The second DRM scandal was related to Ubisoft’s Internet connection based DRM. There were a good number of arguments brought against it, I’ll just list some:

  1. the servers themselves are a single point of failure. They might not always be online, or they might be attacked. There is no immediate failsafe measure.
  2. internet connections are not 100% reliable. If you have a wireless connection, things are even worse. Kicking the player out of the game if the connection drops is too harsh. Again, no failsafe measure.

So, naturally, everybody asked themselves the same question: to DRM, or not to DRM.

And my answer to this is, without any trace of doubt in my mind, a rock-solid, unpleasant and hard to avoid … “depends”.

If you feel cheated from a YES/NO type of answer, put your heart and emotions in the freezer and read more.

Let’s start by splitting the question into:

  • What types of games should be DRM-ed?The initial proposal is to DRM everything. But you see, once the code arrives at the player, there’s absolutely no guarantee that the game will not be cracked. Or to put it the other way around, once somebody else besides you has acces to the binary code, it will be cracked.

    You may say that “well, still, it’ll take them a while to devise a good crack”. But eventually they do. And since tough DRMs WILL (not might, WILL) hurt customers, that’s not the way to go anyway.

    What does that mean in terms of what games should be DRM-ed? Well, what I’m trying to say is that DRM and Single Player games don’t make sense. All of the game’s components are in somebody else’s hands. So, I dare say, don’t bother adding DRM to Single Player only titles. Later on I’ll mention some exceptions to this, but the main idea is “SP = No DRM”.

    If you think that this “SP = No DRM” approach will lose you money, there are plenty of examples that say you’re wrong, and that “SP = No DRM” actually works:

    humble indie bundleThe Humble Indie Bundle event made over 1.2 million USDNow that we narrowed down our range of games, we can properly address the next question:

  • How should DRM be implemented?Let’s try to negate the complaints I listed above, in a weird attempt to obtain some key features of a good DRM system:
    • do not use root-kit technology. Make it easy for the player to ditch the game from their computer.
    • have failsafes. If the DRM mechanism relies on components that can fail, have failsafes.
    • avoid the single point of failure. Strike that one out, since this kind of philosophy should be applied everywhere.
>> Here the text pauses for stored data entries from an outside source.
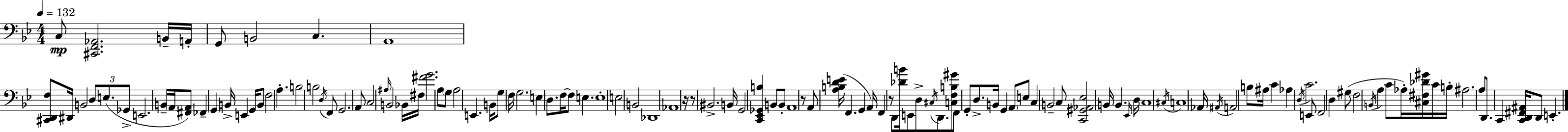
C3/e [C#2,F2,Ab2]/h. B2/s A2/s G2/e B2/h C3/q. A2/w [C#2,D2,F3]/e D#2/s B2/h D3/e E3/e. Gb2/e E2/h. B2/s A2/s [F#2,A2]/e FES2/q G2/q B2/s E2/q G2/s B2/e F3/h A3/q. B3/h B3/h D3/s F2/e G2/h. A2/e C3/h A#3/s B2/h Bb2/s F#3/s [F#4,G4]/h. A3/e G3/e A3/h E2/q. B2/s G3/e F3/s G3/h. E3/q D3/e. F3/s F3/e E3/q. E3/w E3/h B2/h Db2/w Ab2/w R/s R/e BIS2/h. B2/s G2/h [C2,Eb2,Gb2,B3]/q B2/e B2/e A2/w R/e A2/e [A3,B3,D4,E4]/s F2/q. G2/q A2/s F2/q R/e D2/e [Db4,B4]/s E2/e D3/e C#3/s D2/e. [C3,F3,B3,G#4]/e F2/e G2/e D3/e. B2/s G2/q A2/e E3/e C3/q B2/h C3/e [C2,G#2,Ab2,Eb3]/h B2/s B2/q. Eb2/s D3/s C3/w C#3/s C3/w Ab2/s A#2/s A2/h B3/e A#3/s C4/q Ab3/q D3/s C4/h. E2/e F2/h D3/q G#3/e F3/h B2/s A3/q C4/e Ab3/s [C#3,F#3,Db4,G#4]/s C4/s B3/s A#3/h. A3/e D2/e. C2/q [C2,D2,F#2,A#2]/s D2/e E2/q.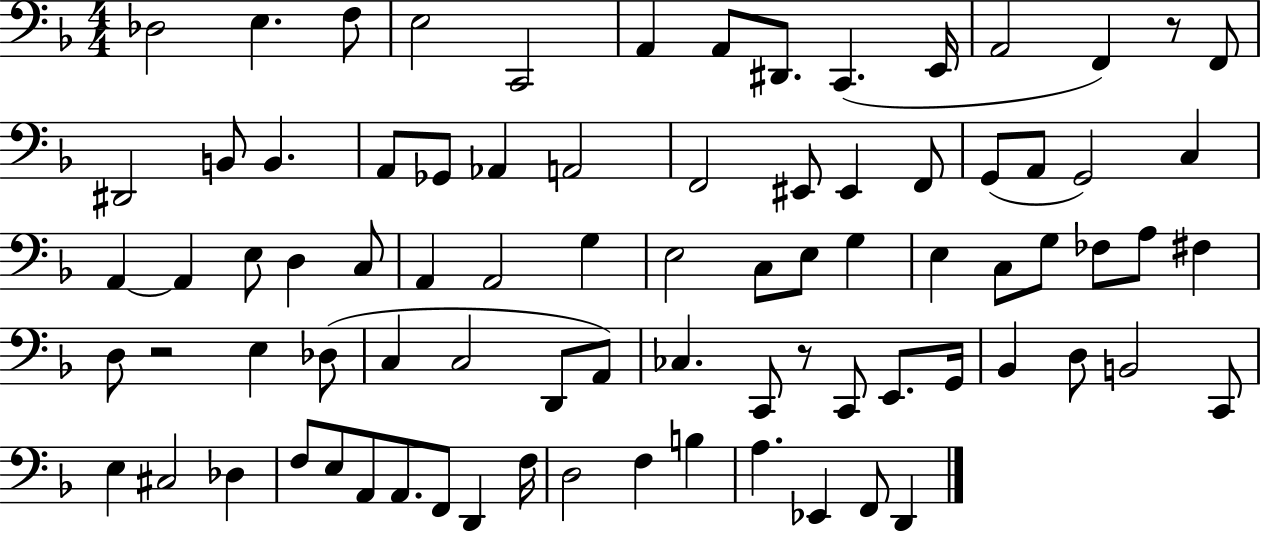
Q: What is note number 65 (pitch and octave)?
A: Db3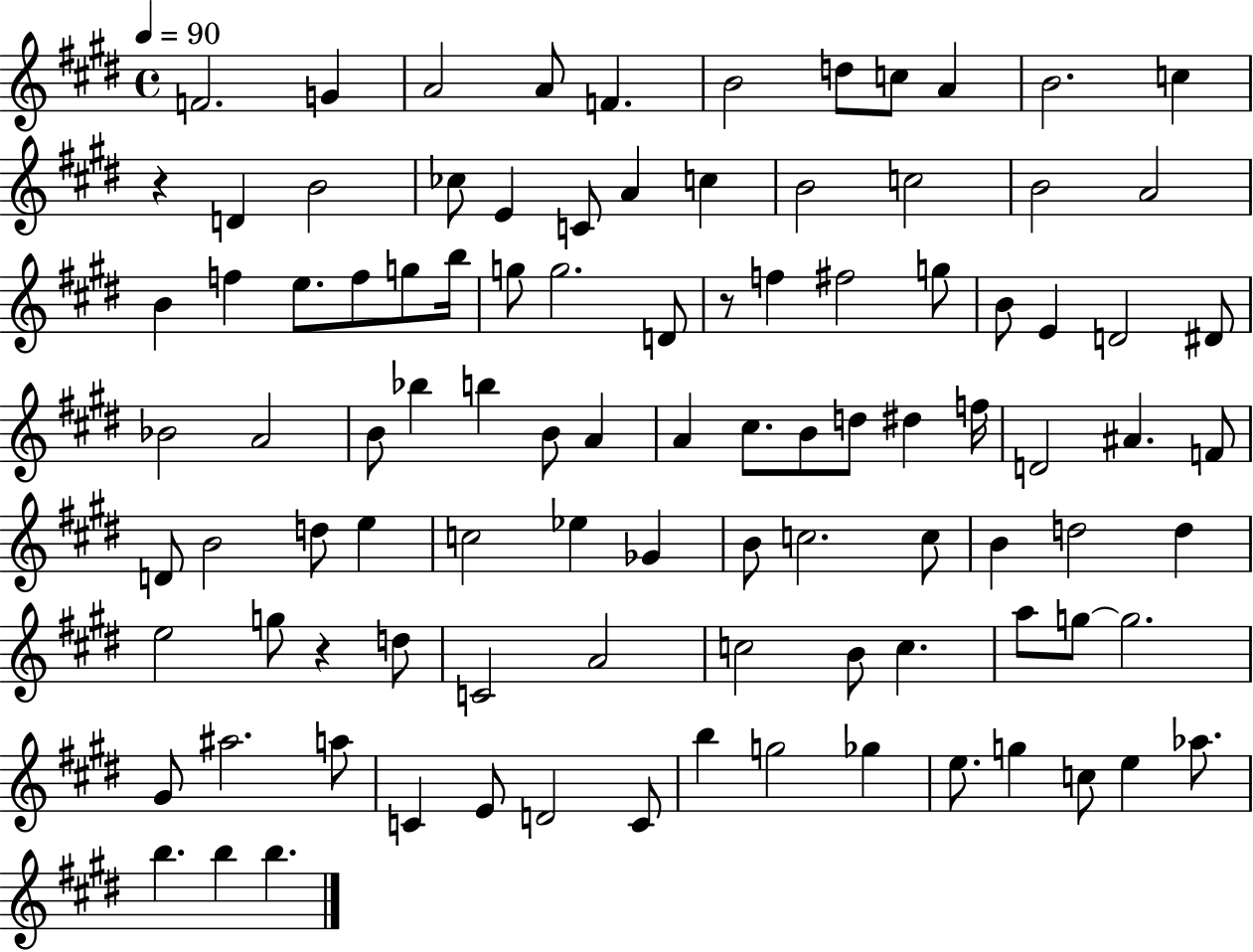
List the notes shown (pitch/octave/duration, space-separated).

F4/h. G4/q A4/h A4/e F4/q. B4/h D5/e C5/e A4/q B4/h. C5/q R/q D4/q B4/h CES5/e E4/q C4/e A4/q C5/q B4/h C5/h B4/h A4/h B4/q F5/q E5/e. F5/e G5/e B5/s G5/e G5/h. D4/e R/e F5/q F#5/h G5/e B4/e E4/q D4/h D#4/e Bb4/h A4/h B4/e Bb5/q B5/q B4/e A4/q A4/q C#5/e. B4/e D5/e D#5/q F5/s D4/h A#4/q. F4/e D4/e B4/h D5/e E5/q C5/h Eb5/q Gb4/q B4/e C5/h. C5/e B4/q D5/h D5/q E5/h G5/e R/q D5/e C4/h A4/h C5/h B4/e C5/q. A5/e G5/e G5/h. G#4/e A#5/h. A5/e C4/q E4/e D4/h C4/e B5/q G5/h Gb5/q E5/e. G5/q C5/e E5/q Ab5/e. B5/q. B5/q B5/q.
    And since we narrowed down our search to games that have an online component, here is one example of well implemented DRM:

 

  • GAME = DRMThe DRM system IS ALSO THE GAME. No root-kit used. No need for a failsafe, since a downed server doesn’t mean that the DRM denied you of an otherwise functional game, but it rather means no game.

    This obviously works best for MMOs. In MMOs, by the nature of the game, all customers share an important component of the game, the servers.

  • Keep a database of your customers (Steam approach)This is how Steam and the other digital distribution platforms work. They know if you bought the game or not.

    The way it works for MP game is as follow:

    • the customer enters his credentials in the Steam client
    • the customer then starts the game
    • when connecting to a game server, the game server sends the customer’s credentials to the Steam server. If they check out ok (in terms that the customer does own the game), then the customer is allowed to join.

Both approaches share some similarities:

  • the game developer/publisher has some control over a part of the game. In the case of MMOs, the game server. In case of (b), you own the master server, that ultimately decides if a player can join a game server or not.
  • the DRM mechanism is implemented using those pieces of the game. No root-kits on your PC. No hardware scan that then limits the number of instals; heck with Steam, you can install the game on an unlimited number of machines. The key here is that you are not allowed to play simultaneously on more than one.

That’s the deal. Use a server-side DRM mechanism for the multiplayer components of a game. Don’t bother do add DRM to single player games, since all the software components needed to play the game will ultimately reside on the customer’s machine.

I mentioned an exception for DRM in single player games. That exception is: add DRM (1) if you already have it developed for other games and (2) it is a trivial effort to incorporate it and (3) it is light in terms of checks (think Steam, not SECUROM).